Your goal -
Please repeat the data exactly. Any picture in it stays out.

Data extract -
---------------

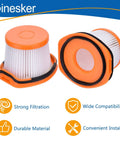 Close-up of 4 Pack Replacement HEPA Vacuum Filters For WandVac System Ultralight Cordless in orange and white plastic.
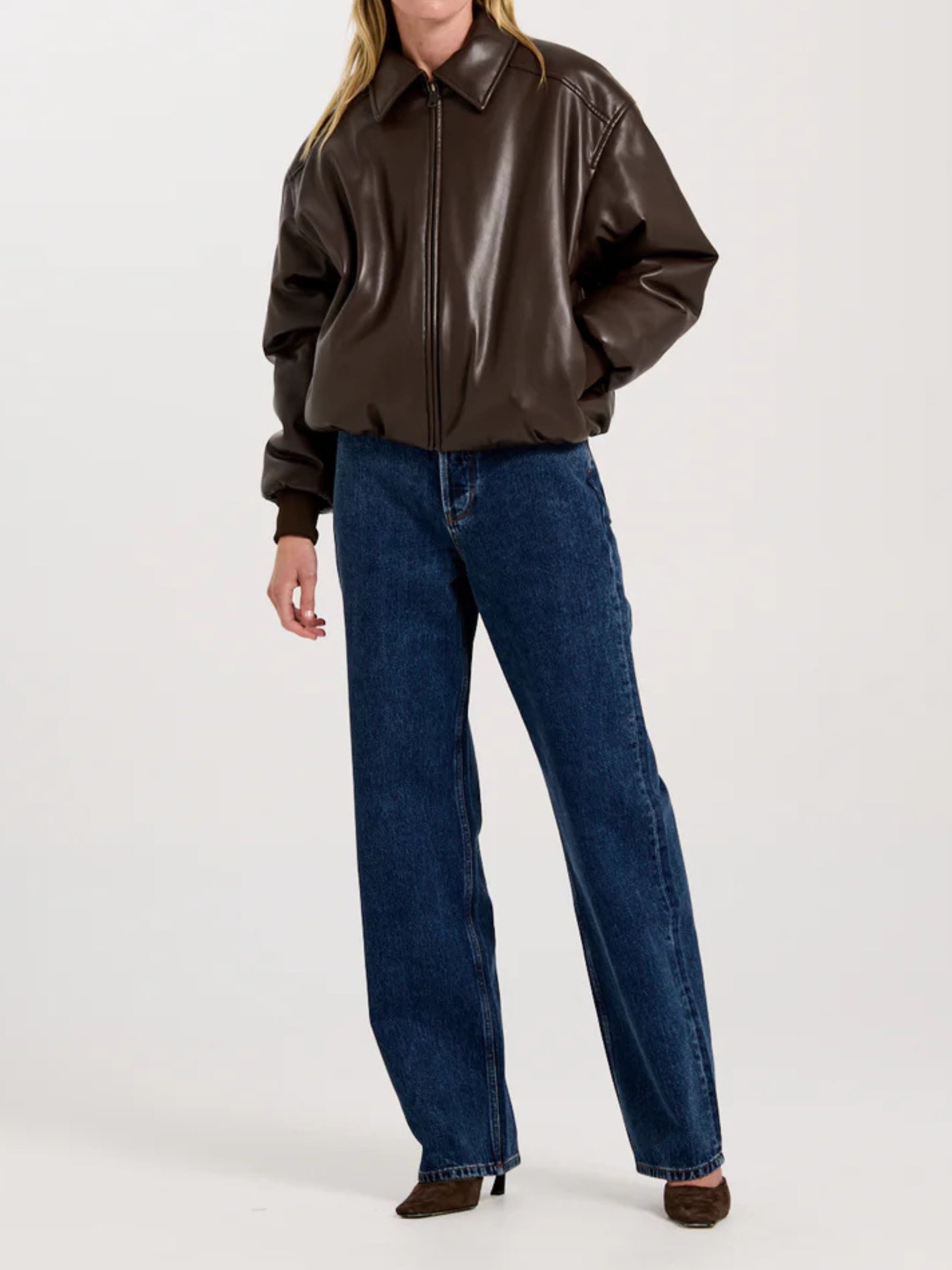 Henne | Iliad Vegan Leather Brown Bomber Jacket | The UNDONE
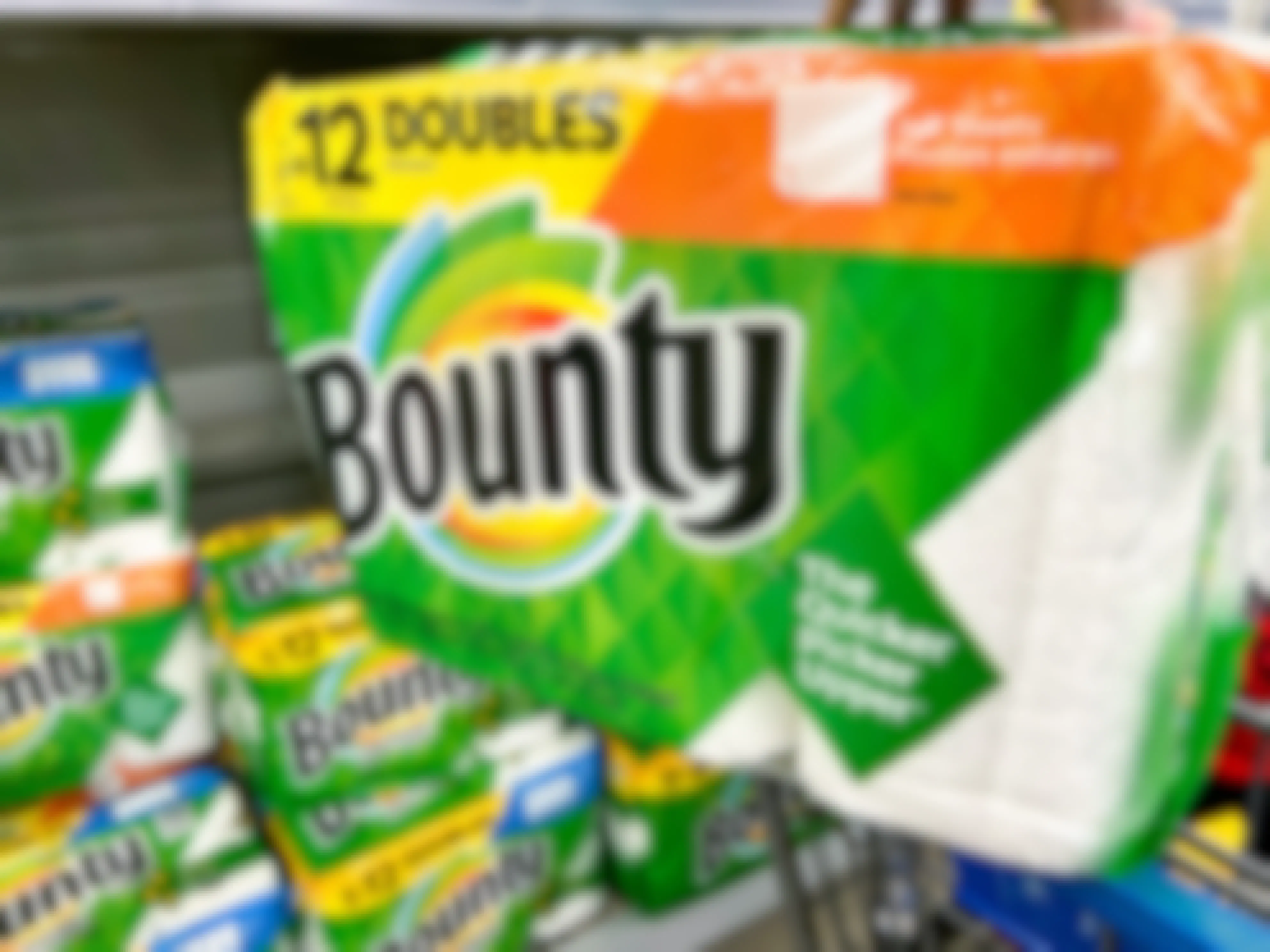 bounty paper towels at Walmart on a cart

---------------

Result of the exercise -
 Close-up of 4 Pack Replacement HEPA Vacuum Filters For WandVac System Ultralight Cordless in orange and white plastic.
 Henne | Iliad Vegan Leather Brown Bomber Jacket | The UNDONE
 bounty paper towels at Walmart on a cart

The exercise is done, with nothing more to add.